What you are asked to do:
Restate, exactly as written, the entries below from the line that holds "The Somerset Blooms" through the line that holds "dziedziniec z drzewami". Pictures are not part of the copy.

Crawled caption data
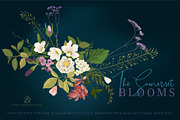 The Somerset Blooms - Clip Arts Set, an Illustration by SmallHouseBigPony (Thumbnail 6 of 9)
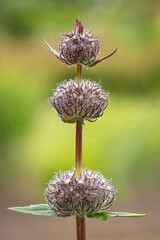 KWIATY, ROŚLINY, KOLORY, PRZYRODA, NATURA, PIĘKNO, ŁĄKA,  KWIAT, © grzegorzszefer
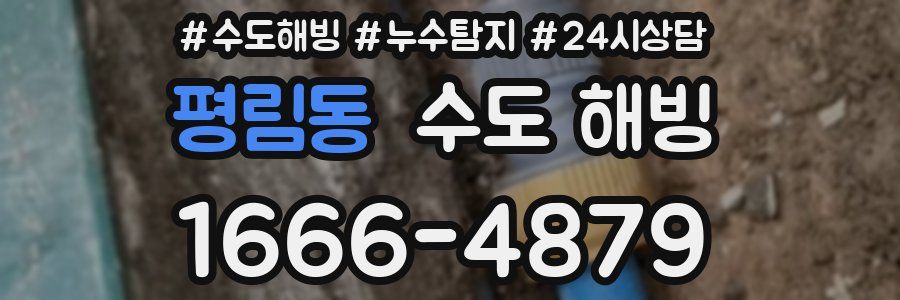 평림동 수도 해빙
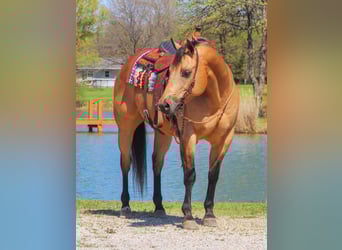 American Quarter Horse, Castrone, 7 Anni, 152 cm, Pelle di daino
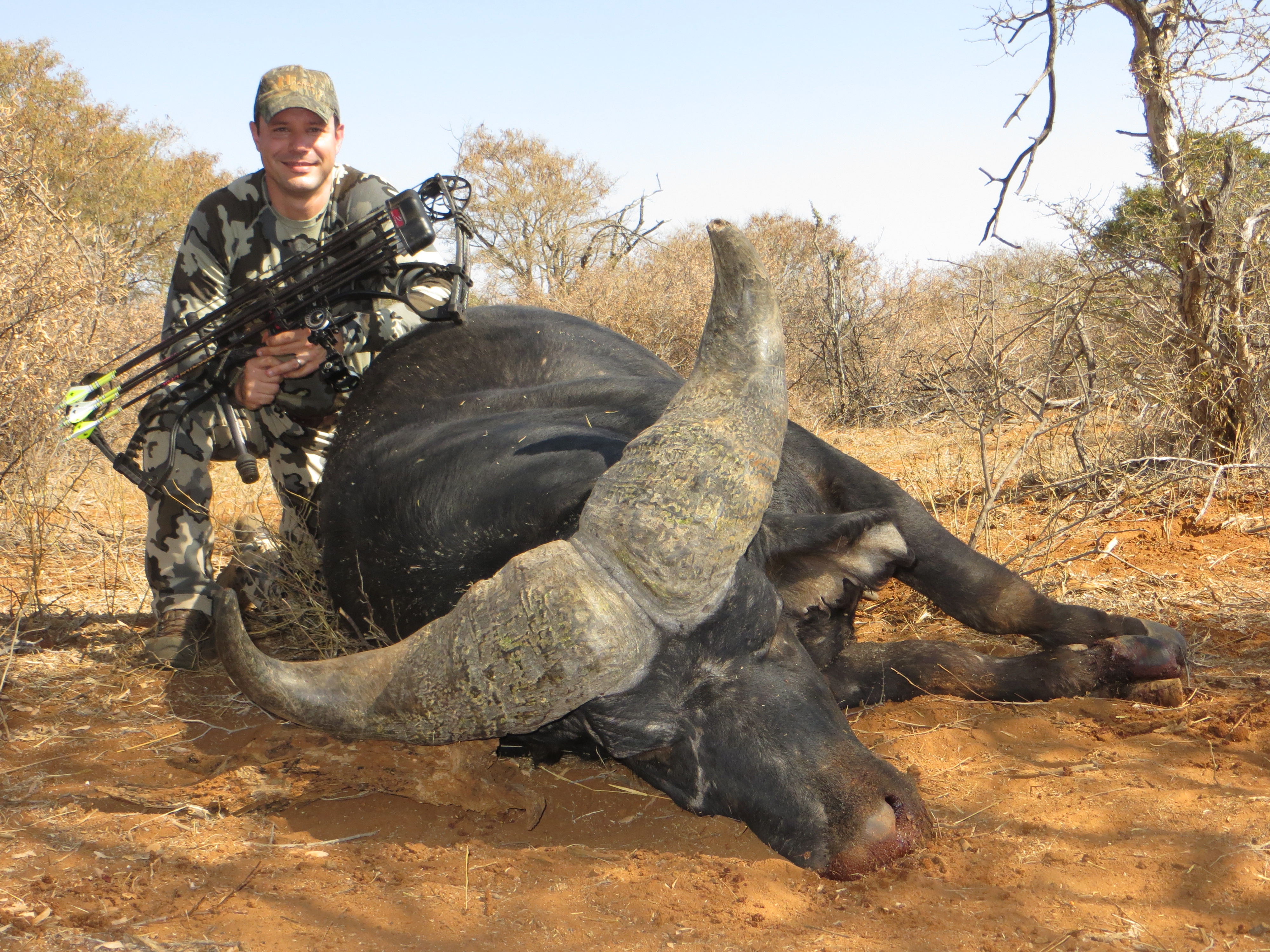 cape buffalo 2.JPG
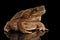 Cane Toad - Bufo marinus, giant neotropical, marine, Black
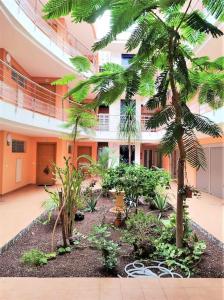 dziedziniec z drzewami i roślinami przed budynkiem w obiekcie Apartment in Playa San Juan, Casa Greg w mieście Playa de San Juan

==

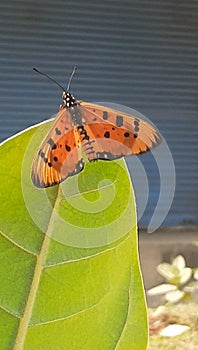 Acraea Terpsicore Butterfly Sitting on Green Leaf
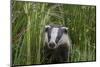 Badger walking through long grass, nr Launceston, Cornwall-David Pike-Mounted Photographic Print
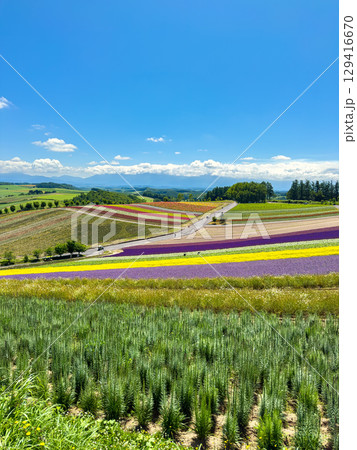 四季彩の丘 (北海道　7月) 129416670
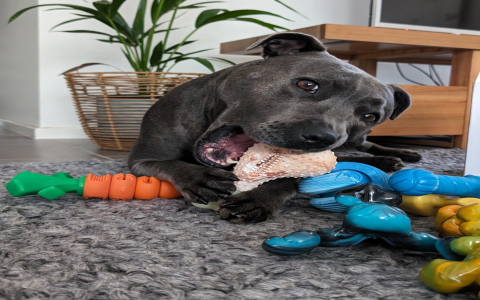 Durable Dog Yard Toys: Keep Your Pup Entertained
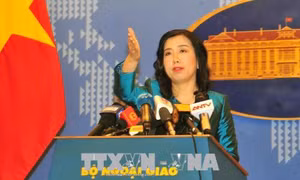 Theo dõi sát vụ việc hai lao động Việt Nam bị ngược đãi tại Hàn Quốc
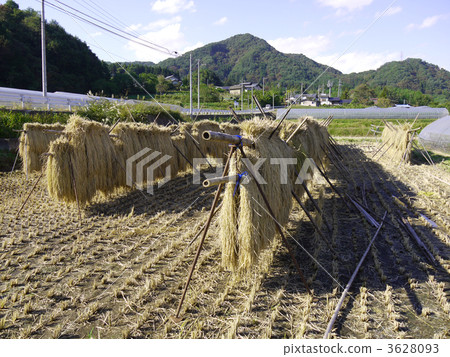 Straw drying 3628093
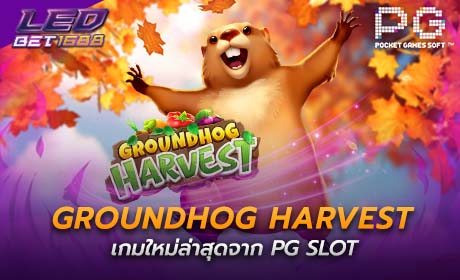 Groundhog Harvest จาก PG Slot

Task answer:
 The Somerset Blooms - Clip Arts Set, an Illustration by SmallHouseBigPony (Thumbnail 6 of 9)
 KWIATY, ROŚLINY, KOLORY, PRZYRODA, NATURA, PIĘKNO, ŁĄKA,  KWIAT, © grzegorzszefer
 평림동 수도 해빙
 American Quarter Horse, Castrone, 7 Anni, 152 cm, Pelle di daino
 cape buffalo 2.JPG
 Cane Toad - Bufo marinus, giant neotropical, marine, Black
 dziedziniec z drzewami i roślinami przed budynkiem w obiekcie Apartment in Playa San Juan, Casa Greg w mieście Playa de San Juan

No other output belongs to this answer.